Image by geognerd via Flickr
Asus created the Netbook craze with the first eee Pc (the one I owned for a day) released last year, and it has become a huge market – in fact the most dynamic segment in PC sales. Laptop Magazine published an interview with ASUS CEO Jerry Shen. Key factoids:
Four million Eee PCs have been sold to date. He plans to reach the goal of 5 million Eee PC sales by the end of 2008.
Touch-enabled Eee PCs are on the way and will be here by early 2009.
He then goes on explaining that the difference between netbook and notebok is screen size: anything below 10” is a netbook, above that are notebooks. OK… but this is the part he got wrong:
For us, the difference though between netbook and notebook, is that the netbook is used to consume content and have that connectivity experience. The notebook is for creating content and you have more storage and memory – its a machine that can do more.

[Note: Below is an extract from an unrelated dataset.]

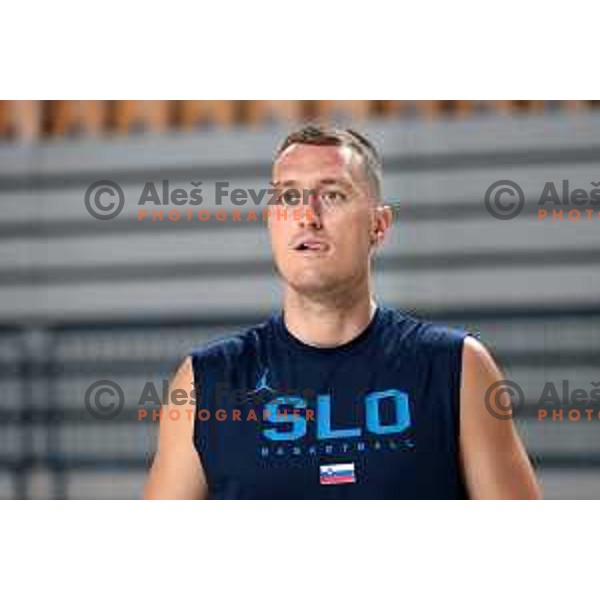 Jakob Cebasek of Slovenia National Basketball team during a practice session in Arena Zlatorog in Celje on July 18, 2023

No way, Jose! (Ok, Jerry). I actually hate viewing those tiny little screens – but am going to conferences, meetings, travel a bit, and need a lightweight work tool for all those times. Nobody I know buys netbooks as their main computer, but as a travel machine, which is:
- is lightweight
- has long battery life
- allows basic writing (note-taking, blogging, report-writing) and browsing
In other words, netbooks are all about creating content for me – and to do that, I don’t really need more power or storage, since I am primarily using Web Applications.
In fact I’m flying to Denver for the Defrag Conference soon, and decide I would no longer carry my notebrick, so have just ordered a netbook myself – not an eee PC, but the Acer Aspire One. I think I got a good deal @ Amazon, for $399. Yes, I’m aware of the $309 deal, but mine is a different configuration:
- 1GB memory vs 512K
- 6cell battery vs 3
- XP vs Linux
- 160GB hard disk vs. 8GB solid state drive – I don’t actually need the extra storage, and for a travel tool would have been happier without moving parts, but for some reason Acer thinks SSD’s are only for Linux jocks…
So I was happy that I got the best deal – until this morning, when I saw the exact same configuration for $279, shipping included!
I am speechless… this looks too good to be true. I can’t find any info on the vendor (BeneficialTech.info) , there is a contact email but no phone number – but they have Google Checkout.
So I leave it to my dear readers to decide: do you think this is real or a scam?
P.S. I'd rather have the Asus S101, but it's not yet available.